A buffer is an information store. It is a place where information can be put for later retrieval. Buffers are appropriate for both short term storage (as in modelling working memory, for example) and long term storage (as in large knowledge bases). They can be configured, through subclasses and properties, so as to behave in a variety of different ways (allowing, for example, decay of elements or capacity restrictions).
A stack is a kind of buffer which provides very limited access to its ordered elements. The elements of a stack are ordered in the sequence in which those elements were added to the stack. Access to the stack is only allowed through the most recent or "top" element of the stack. There are basically three operations which may be performed on a stack: the top-most element may be matched; an element may be "pushed" onto the top of the stack (thus obscuring the previous top element); and an element may be popped off the top of the stack (thus revealing a previously hidden element).
Despite the flexibility of COGENT's standard propositional buffer type, instances of the type cannot be used to implement a stack.
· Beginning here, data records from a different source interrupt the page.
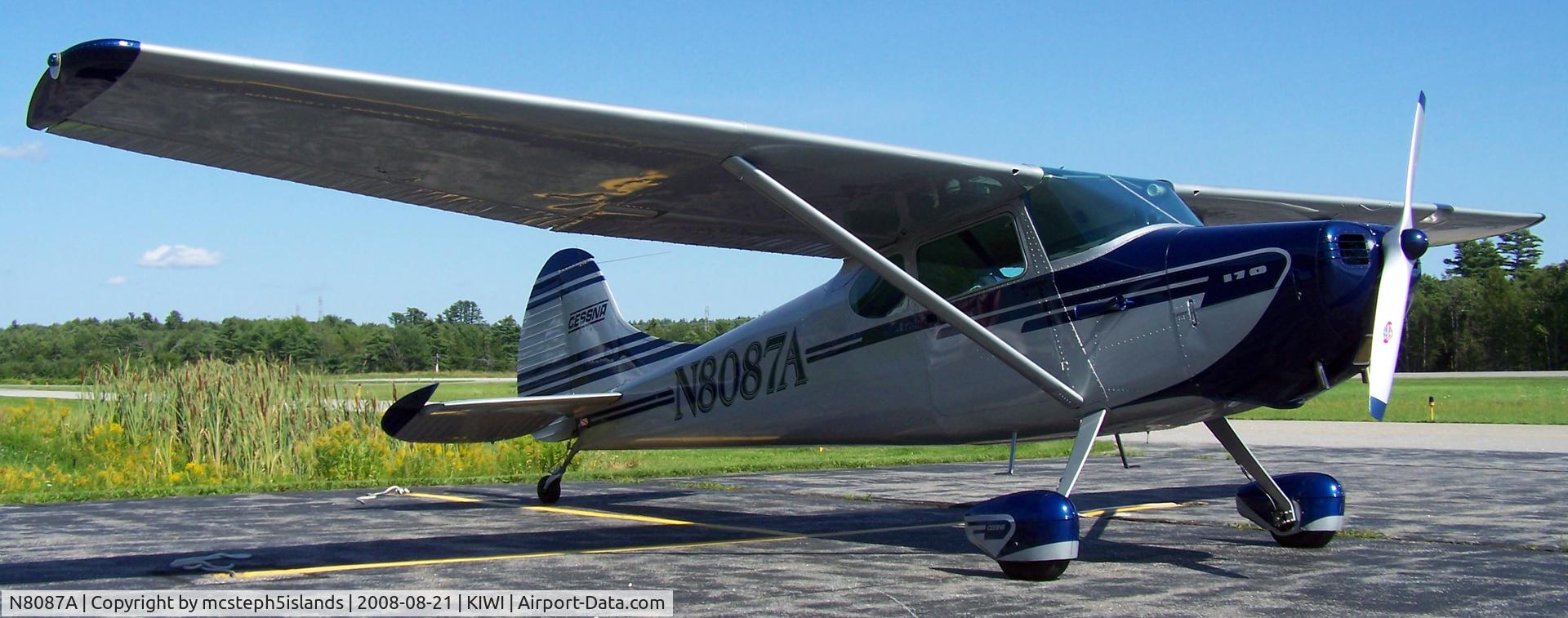 N8087A, 1952 Cessna 170B C/N 20939, Classic styling, well restored, beautiful aircraft
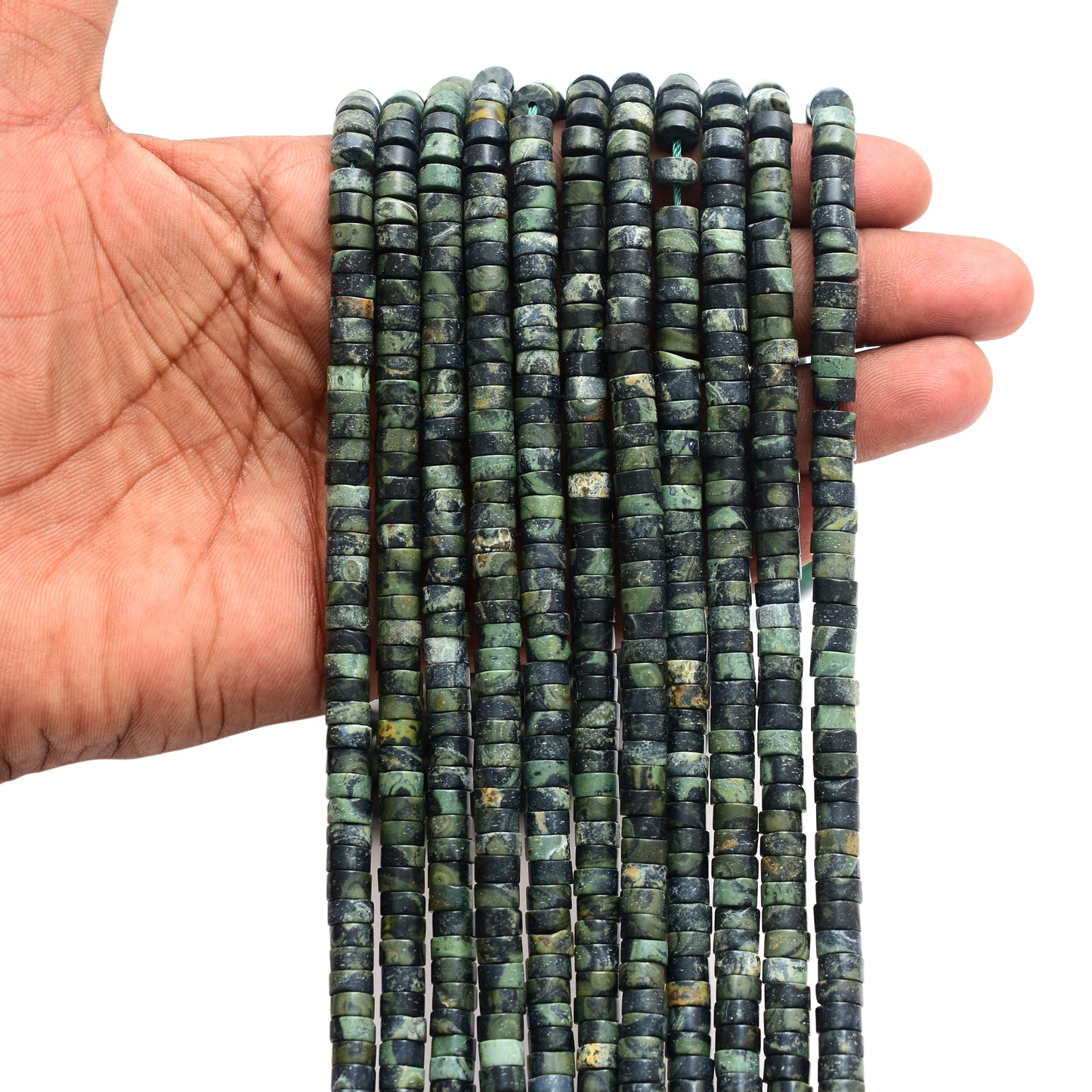 Kamal Gems | Kambaba Jasper Tyree-Shaped Gemstone Beads, 15"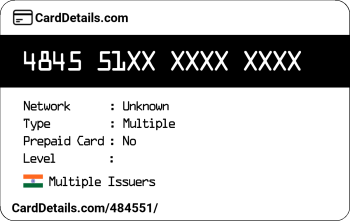 Card Details: 484551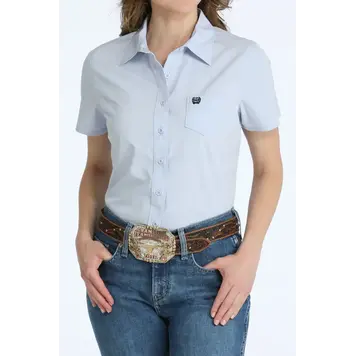 Cinch Arenaflex Button Down Light Blue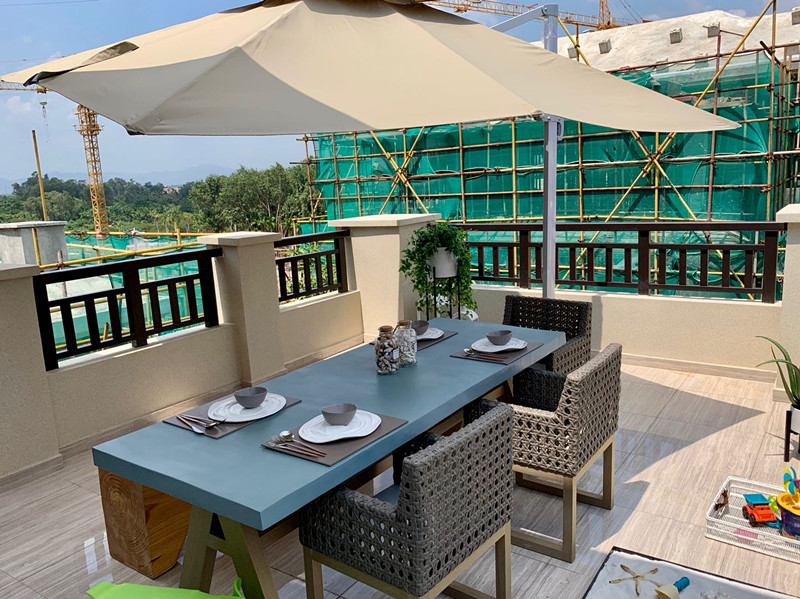 海南臻园林语墅样板间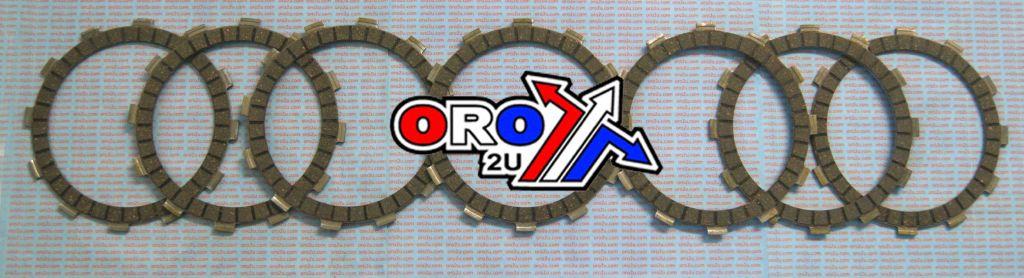 CLUTCH FRICTION PLATE SET/7 [CK1170], MX-03559C HONDA CR250-500/NX650/XL600
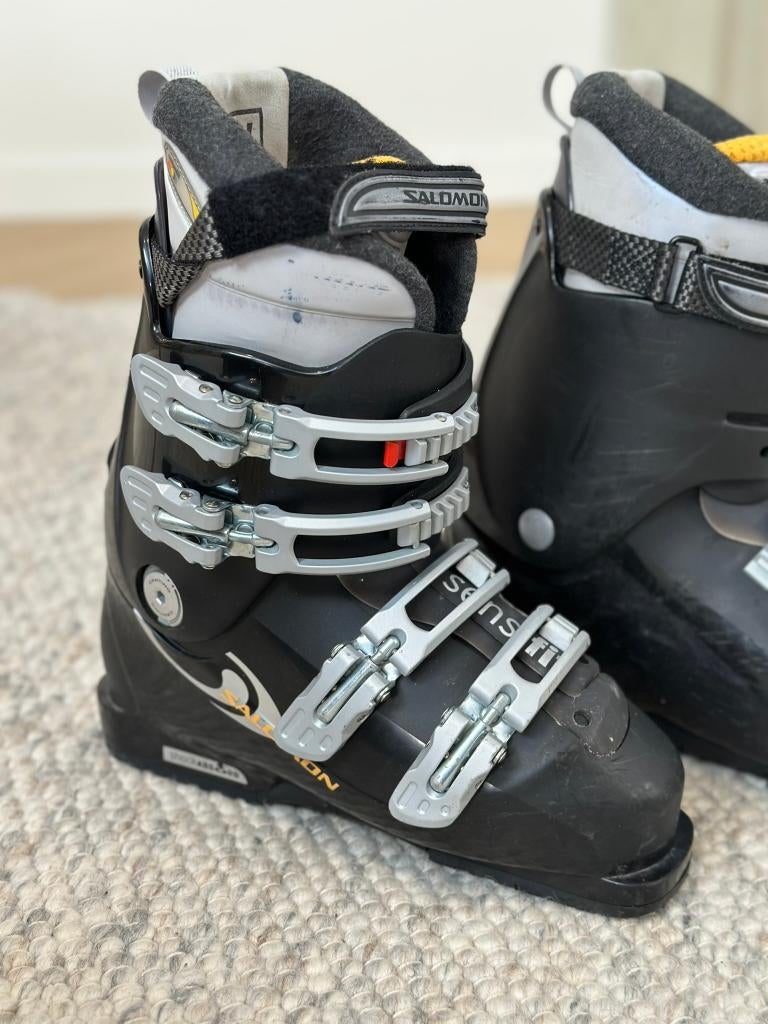 Salamon skischoenen sensifit maat 40 1/3 Flex 65-70, Sport en Fitness, Skiën en Langlaufen, Gebruikt, Schoenen, Skiën, Salomon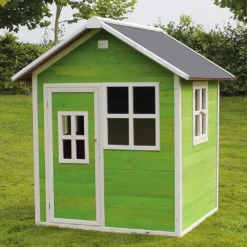EXIT TOYS Maisonnette Pour Enfant En Bois De Cèdre Loft 100 (3 Coloris) -Jardelix Soldes Magasin maisonnette enfant bois cedre loft 100 3 coloris 4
Firstly, only the top-most element may be accessed in a real stack, but a proposition buffer, even with LIFO access, still allows access to all buffer elements. Secondly, elements can be deleted from any position within a propositional buffer, whereas only the top-most element can be deleted from a stack (and this operation is known as a pop). Thirdly, when multiple elements are added to a propositional buffer on the same cycle, COGENT provides no guarantee about the order in which those elements will be added. The stack buffer type provides a storage mechanism that addresses each of these issues.
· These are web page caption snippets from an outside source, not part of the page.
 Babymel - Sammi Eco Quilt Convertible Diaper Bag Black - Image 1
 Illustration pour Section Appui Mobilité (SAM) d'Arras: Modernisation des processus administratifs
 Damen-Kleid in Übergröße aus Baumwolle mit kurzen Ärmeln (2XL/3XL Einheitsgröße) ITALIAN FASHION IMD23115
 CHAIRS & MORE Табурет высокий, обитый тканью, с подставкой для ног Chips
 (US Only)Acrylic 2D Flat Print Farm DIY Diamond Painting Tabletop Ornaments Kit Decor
One common use of stacks is in maintaining sequences of goals and subgoals, as, for example, in models of problem solving.
Like all buffers, stacks can be matched by the conditions of rules. However, a stack match will only match against the top-most element of the stack.
An element may be pushed onto a stack by sending the stack a message of the form "push(Element)". The top-most element may be popped from a stack by sending the stack a message of the form "pop". Thus, the RHS of a rule which pops the top element off Goal Stack and replaces it with subgoal might look like:
|THEN:||send pop to Goal Stack|
|send push(subgoal) to Goal Stack|
If multiple push and/or pop messages are sent to the same stack from the RHS of one rule, then those push/pop messages are processed in the order in which they appear on the RHS of the rule. If multiple push and/or pop messages are sent to the same stack from multiple rules, then messages within the same rule will be processed in order, but the order of processing of messages from different rules is not deterministic.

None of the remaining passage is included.